Qu’y apprend-on ? Qu’au lieu de "coût" des opérations extérieures, il faut parler de "surcoût", les dépenses considérées étant celles qui dépassent le budget annuel de la défense initialement voté par le Parlement.

On apprend également que la République a consacré 20 milliards d’euros à ces opérations depuis trente-deux ans, l’essentiel de ces sommes (55 à 60 %) ayant été versé en supplément de soldes consentis aux soldats engagés sur les théâtres extérieurs. L’auteur note à ce propos que le terme "extérieur" est apparu tardivement, la contraction OPEX désignant initialement les opérations "exceptionnelles".

20 milliards d’euros, c’est beaucoup sans doute. Mais si on se rapporte au tableau publié avec l’article (seulement dans l’édition papier du journal), on constate quelques éléments intéressants. Tout d’abord, le budget des opérations extérieures relativement modeste de 1976 (25 millions d’euros constants 2008) à 1982 (188 millions d’euros), avec un pic en 1978 dû à l’opération de Kolwezi (289 millions d’euros), a explosé après l’arrivée de François Mitterrand au pouvoir. En 1983, il monte à 445 millions d’euros, puis à 677 en 1984. Les dernières années du septennat Mitterrand seront les plus dépensières, avec 1 118 millions d’euros en 1991 (guerre du Golfe), 1 190 en 1993 (Balkans) et 1 086 en 1994 (Rwanda).
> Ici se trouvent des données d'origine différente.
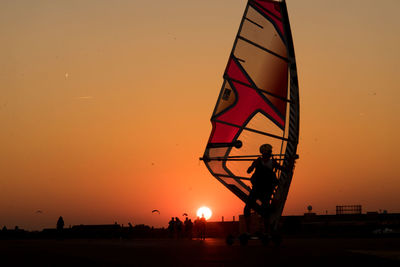 Silhouette man on surfboard against orange sky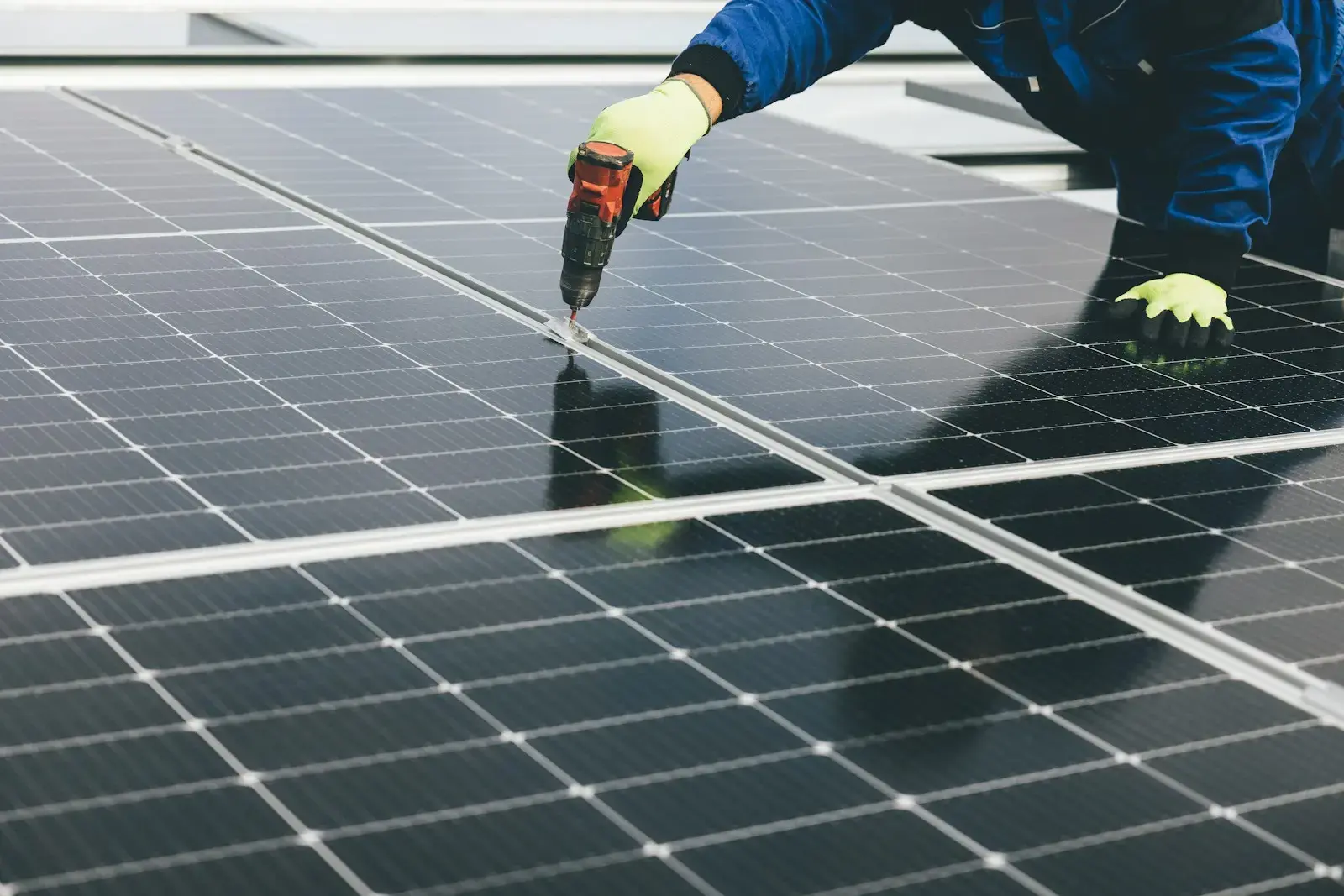 Des mains gantées fixent à la visseuse un module photovoltaïque sur une toiture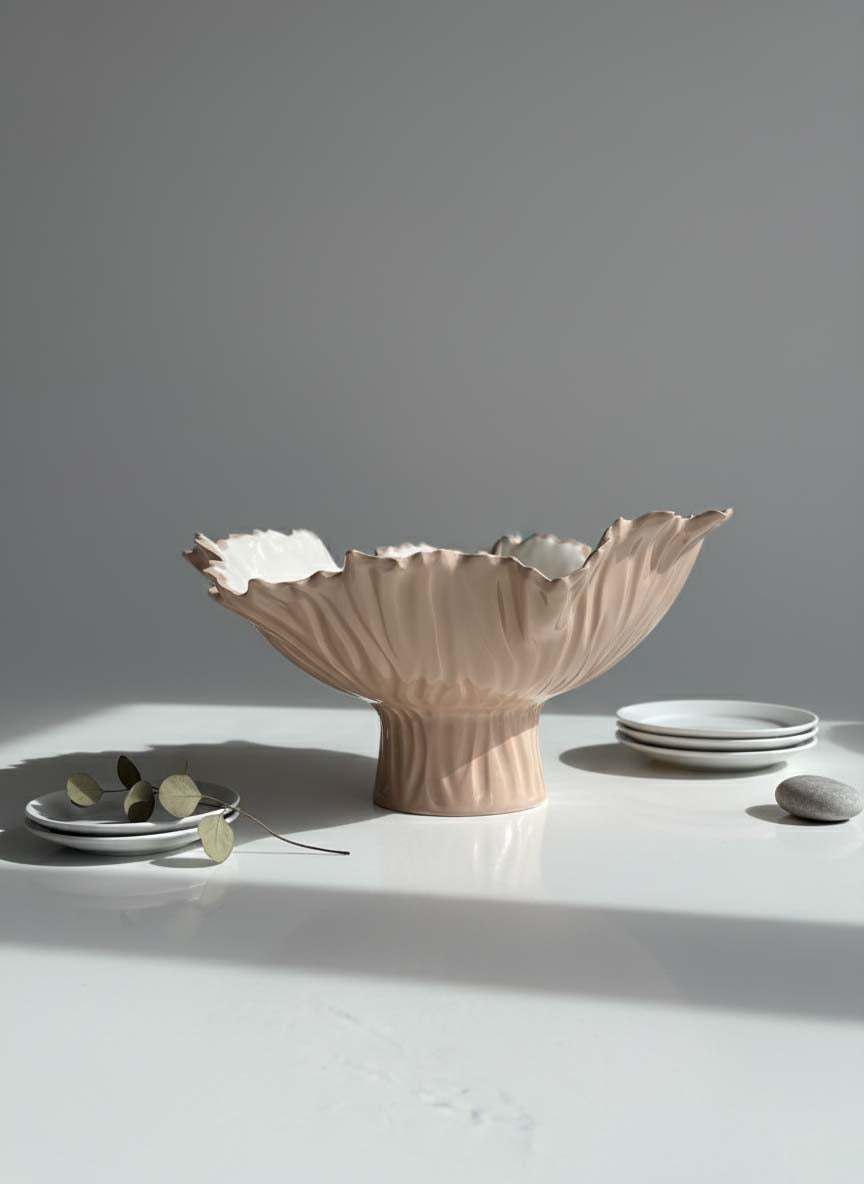 Mocha-glazed pedestal serving bowl with matching ceramic plates and cups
Depuis, les budgets consacrés aux opérations extérieures n’ont plus jamais atteint de tels pics, et celui de 2008 est pour l’instant estimé à 850 millions d’euros. On retiendra que les OPEX des années Giscard ont coûté en moyenne 148 millions d’euros. Celles des années Mitterrand 697 millions d’euros, soit près de cinq fois plus. Certes, le nombre d’années prises en compte n’est pas comparable, et la fin de la Guerre froide a été propice aux conflits émergents, mais quelle augmentation ! Quant aux années Chirac, elles poursuivent le mouvement à la hausse, mais plus modérément, avec une moyenne de 738 millions d’euros. On n’aurait garde de suivre Hébert quand il remarque que les OPEX, c’est "un porte-avions tous les trois ans", mais on constate avec lui que la présence militaire française dans les Balkans a coûté 6 milliards d’euros depuis 1992, contre 2 milliards d’euros pour le Tchad et la RCA, 1,2 pour l’Afghanistan, 1 milliard pour la Côte d’Ivoire et 375 millions d’euros pour le Liban.